En France, l'appellation Sancerre est surtout destinée à des réseaux spécialisés, à forte valeur ajoutée. 30 % des volumes sont vendus en restauration, 30 % par des cavistes et seulement 10 % en grande distribution. Les 30 % restants sont achetés à la propriété. L'essentiel de la vente en grandes surfaces est réalisé par l'unique coopérative de l'appellation, la Cave des vins de Sancerre, dirigée par Fabrice Robineau. ' La cave a fait beaucoup pour la connaissance du produit au niveau du grand public, estime-t-il. Même si la valorisation est moindre, il ne faut pas négliger un circuit qui commercialise 70 % des vins consommés à domicile. ' ' C'est l'histoire de cette région, qui fait que l'appellation est connue ', si l'on en croit Benoît Roumet, directeur du Bureau interprofessionnel des vins du Centre (BIVC). L'interprofession ne communique pas sur cette appellation, faute de budget. La promotion est faite sur les salons, par les producteurs ou les négociants qui se déplacent.

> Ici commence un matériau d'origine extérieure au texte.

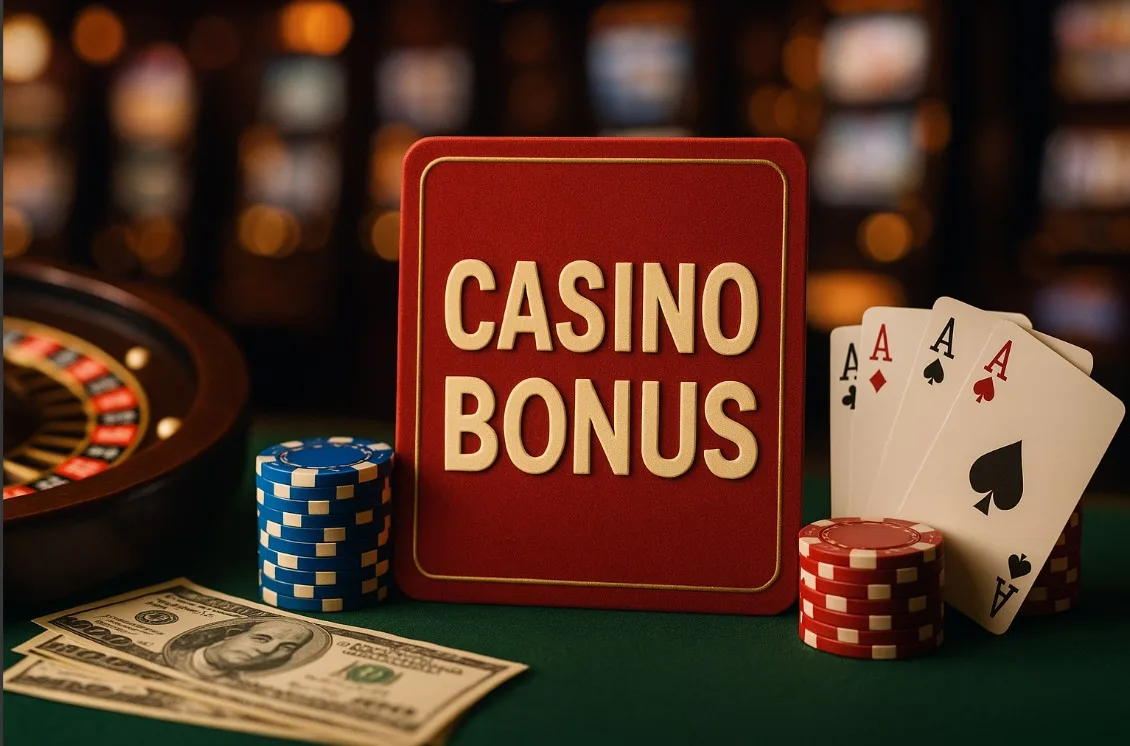 Bedava 15 Dolar Bonus Veren Siteler 2025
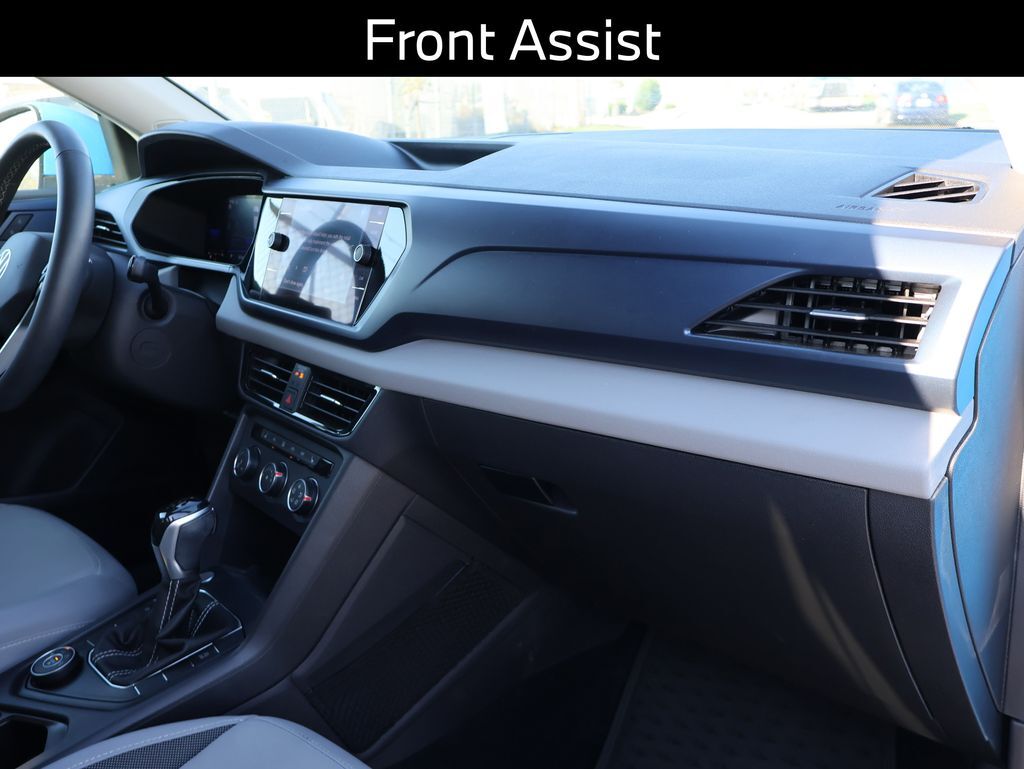 2022 Volkswagen Taos 1.5T SE San Clemente CA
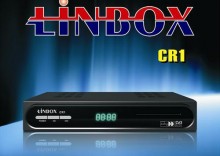 Linbox CR1
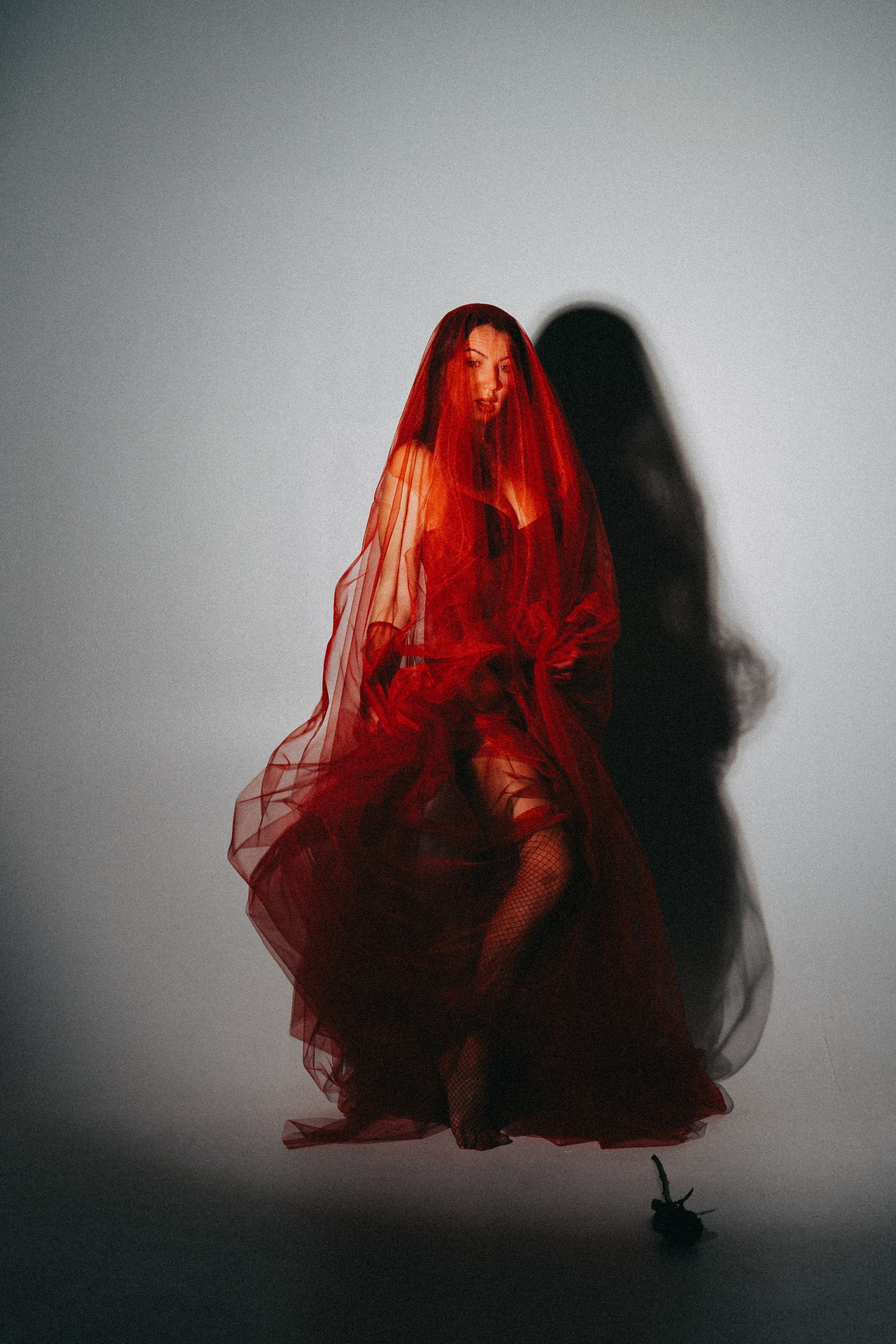 Творческая история для девушки. Профессиональный фотограф, Санкт-Петербург — Виктория Богомолова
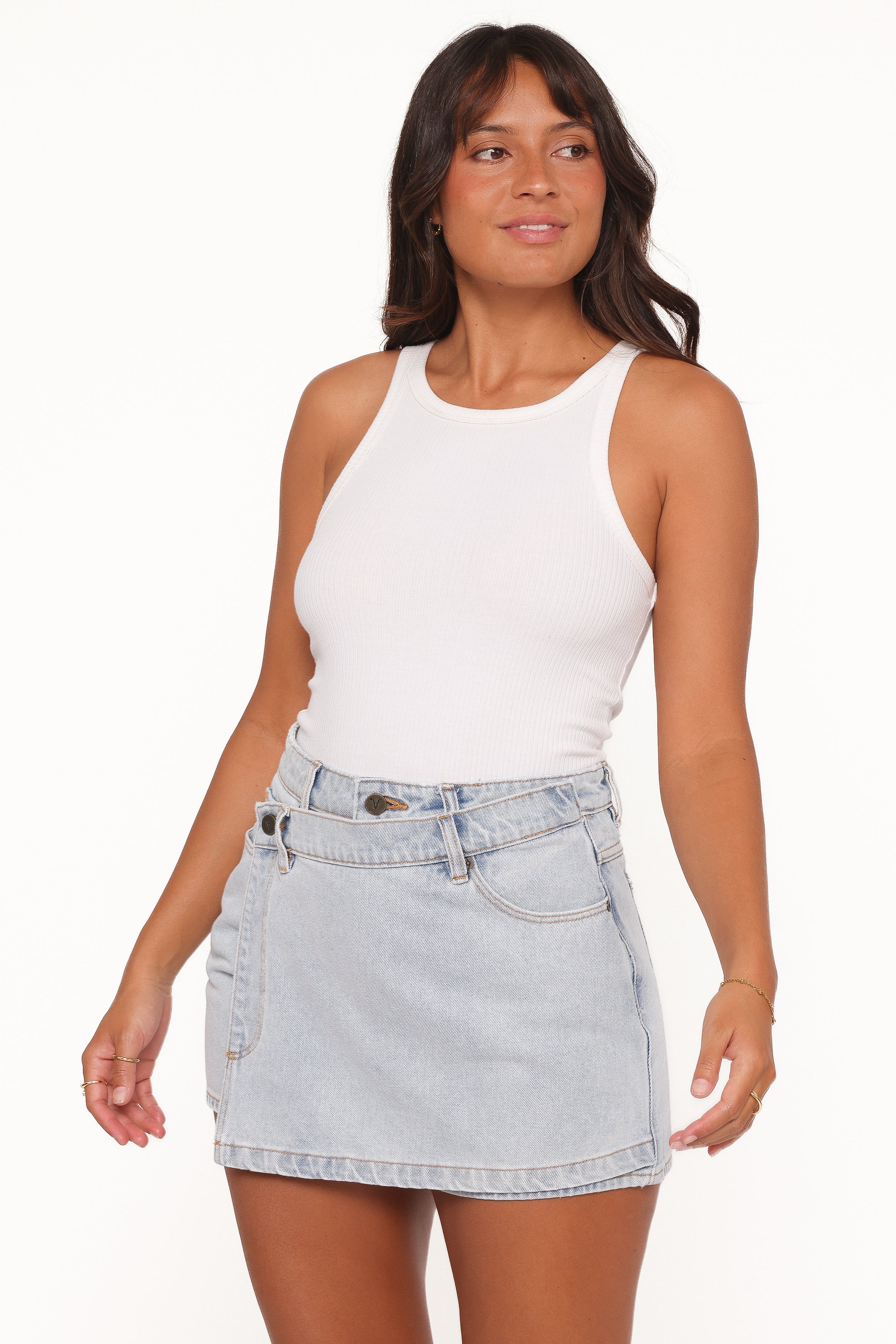 BOTTOMS Abrand Skort - Janet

' Notre communication est dans la bouteille. La qualité doit être au rendez-vous, pour ne jamais décevoir. Mais nous devons aussi produire un vin qui ne peut pas être fait ailleurs. '
Sancerre joue à plein la carte de l'appellation, du terroir. ' Nous ne vendons pas du sauvignon, mais du sancerre ', clame Benoît Roumet. C'est pourquoi il considère que l'intégration du produit dans sa région est essentielle. Ce que l'on comprend d'autant mieux à la lumière des chiffres de ventes directes à la propriété. La proximité de Paris est l'un des arguments avancés pour expliquer le succès des ventes au caveau. ' Nous travaillons beaucoup actuellement au niveau du tourisme. '
Il s'agit surtout de développer l'image du produit, et de faire en sorte que les consommateurs ' mettent autre chose que du vin derrière le mot Sancerre. La cathédrale de Bourges est à nous, le crottin de Chavignol aussi '. L'objectif est de créer une synergie entre les différents atouts régionaux. Le festival de bande dessinée Bulleberry a été notamment créé dans ce but.

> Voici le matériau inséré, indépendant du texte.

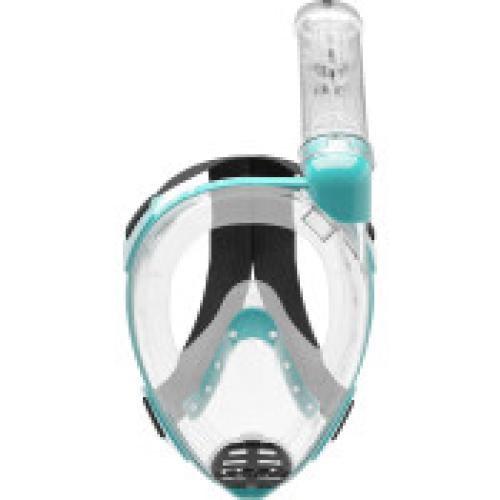 Baron (clear/ice cyan) [S/M]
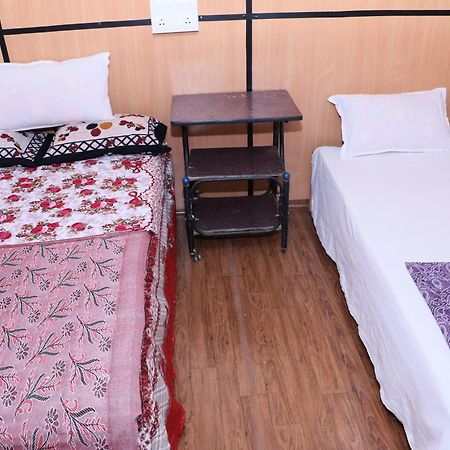 Jungleparadiso Homestay Теккаді Екстер'єр фото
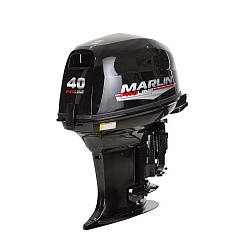 Лодочный мотор MARLIN PROLINE MP 40 AWR в Пскове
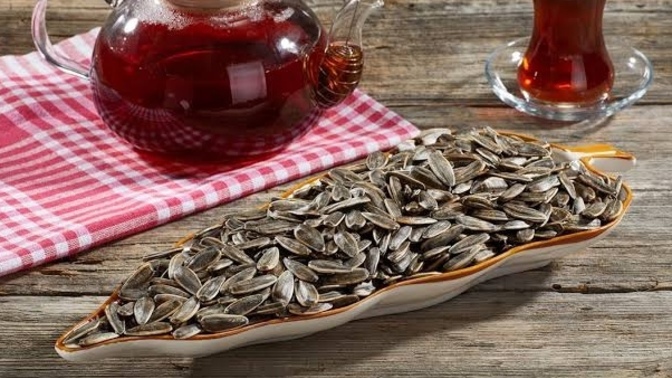 Çekirdek çay mı? Çekirdek kola mı?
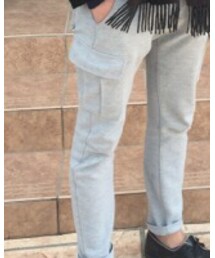 NANO universe | その他パンツ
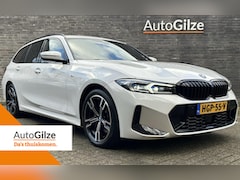 BMW 3-serie Touring - 330e M-Sport Shadow Line l Adaptive LED l Electrische Klep l Adaptive Cruise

' A l'occasion du dernier festival, l'épouse d'un des dessinateurs est venue me voir, en me félicitant pour les vins qu'elle jugeait très féminins, raconte Benoît Roumet. C'est pour moi une grande satisfaction, car de plus en plus, ce sont les femmes qui achètent les vins. Alors, si le style leur plaît, tant mieux ! '
Ce qui distingue le sancerre d'un autre sauvignon, c'est bel et bien son style. ' Les Anglo-5saxons apprécient ce qu'ils appellent la 'drinkability' de nos vins, c'est-à-dire leur facilité d'accès. ' Les vins de Sancerre correspondent au style de consommation actuel : ' Equilibre sur la fraîcheur, peu alcoolisés, mais ronds. ' Ils sont accessibles aux novices : ' Il n'y a pas besoin de clé pour boire du sancerre. ' Ce qui n'empêche pas les amateurs de ' 's'éclater', nous disposons de trois terroirs différents, assemblés ou non, qui confèrent au vin un potentiel de vieillissement plus ou moins grand '. La complexité existe pour ceux qui la recherchent, même si c'est une appellation monocépage.

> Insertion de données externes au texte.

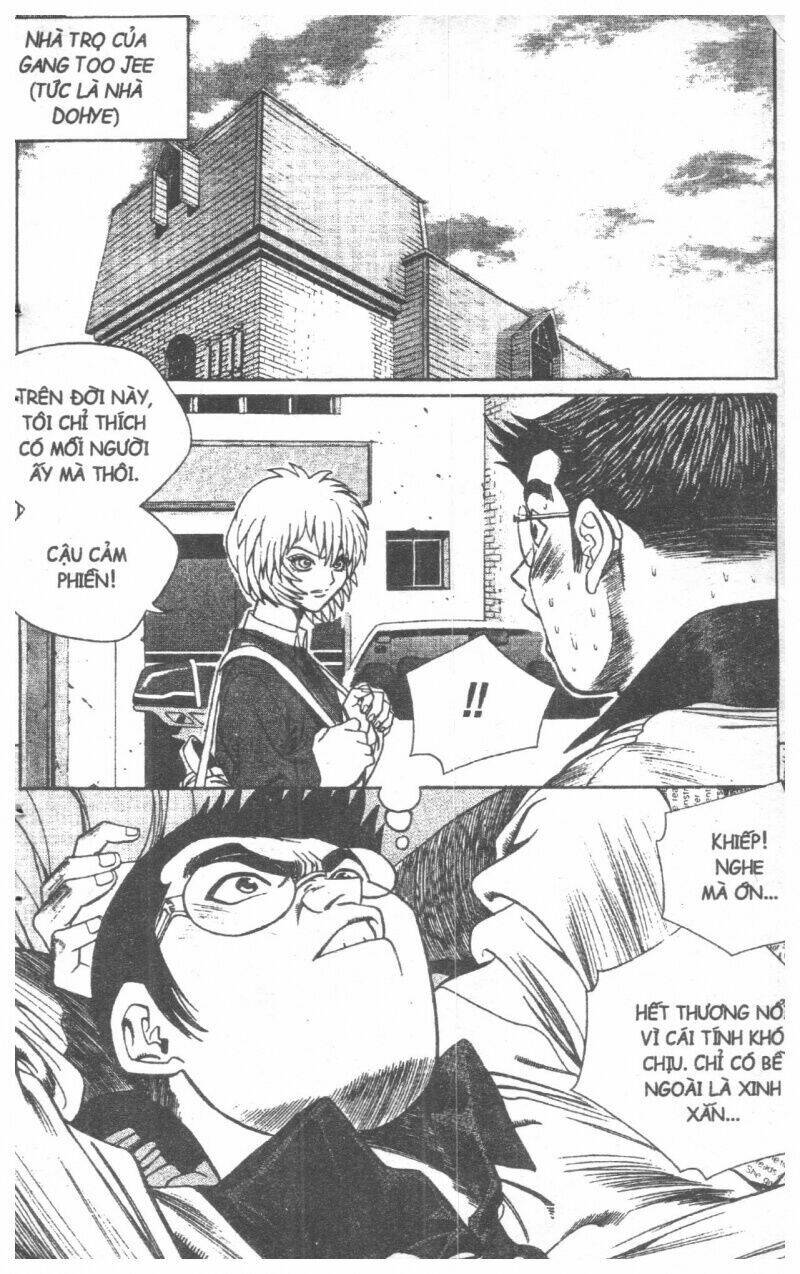 change guy chapter 99 22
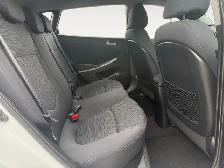 2016 Hyundai Accent - Photo 15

Dans un contexte où la qualité des vins est en pleine progression, il fallait également que le sancerre suive. ' Les viticulteurs ont su rentrer dans un cercle vertueux, se réjouit le directeur de l'interprofession. Ils ont mieux valorisé leurs produits, donc ils ont investi pour poursuivre cette valorisation. ' Les investissements ont fait progresser la qualité des blancs. Aujourd'hui, ils profitent également aux vins rouges et aux vins rosés (respectivement 15 % et 5 % des volumes de l'appellation).